Wednesday, February 21, 2007

Where's the Math?

A very interesting uprising of parents, educators and community members is happening in Washington state. According to this recent article, "A group of students, teachers and parents rallied at the Capitol Monday to draw attention to what they say is the state's failing math education system."

Where's the Math?, a non-partisan advocacy group in Washington, has committed to taking a stand and demanding change. (Their site is definitely worth checking out) Residents in Washington are so outraged that legislators are supporting bills that would create an over-site committee to review the state's math standards.

What caused this uprising?? -- "Nearly half of the state's juniors failed the math portion of the Washington Assessment of Student Learning last year." While this is significant, unfortunately, it's not uncommon. Math scores on state, national and international tests have become quite a concern in recent years. Not only are scores falling, things become even more complicated knowing that finding qualified math teachers is becoming increasingly difficult.

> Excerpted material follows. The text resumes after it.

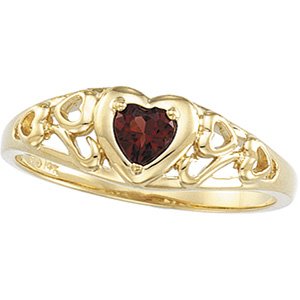 Heart Ring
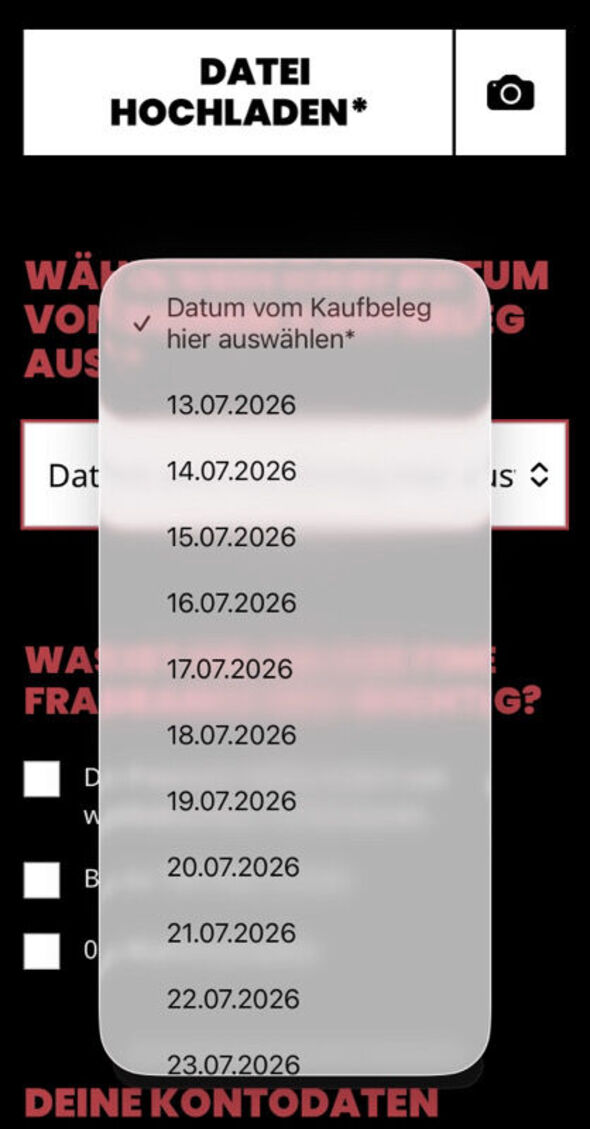 Anhang zu Kommentar von Chriska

In local news, the Baltimore Sun published an article in January mentioning the discussions surrounding the idea of shifting the scope and sequence of mathematics curriculum to allow students to explore fewer topics more deeply each year, hoping that they will gain a solid foundation in the necessary skills before advancing to the next grade level. This would be dramatically different from the curriculum currently in place in this country that teaches (and reteaches) concepts every year.

Personally, I like this idea a lot. When each year has it's own focus that builds on the knowledge gained previously (and has supports in place to help remediate as necesary), math is new and interesting and students have time to master skills. When I was teaching 6th grade math, I would have given anything if the incoming 5th graders would arrive with certain skills solid (ie basic number operations or fractions), so that I could advance their skills and teach them something new. Instead, students arrive with a wide range of skills, with the majority struggling with basic math concepts (multiplication and division, adding fractions, etc). They feel that they've seen almost everything before --- and they have (that's where it was helpful to have taught 5th grade math for a few years prior to 6th!). While there are some brand new skills in 6th grade and some skills that we would take to the next level (ie dividing by fractions for the first time), the majority of the year is a comprehensive review of basic math concepts. Students begin to lose interest in math when they feel like it's a repeat of that they learned last year. Not only do they lose interest, they never truly have time to master all of the skills we are requiring they know.

It's time to re-evaluate how we teach math in this country. More accurately, it's time to re-evaluate what math we teach and when we teach it. Will it require legislative intervention to require an inspection of our courses, standards and teaching practices??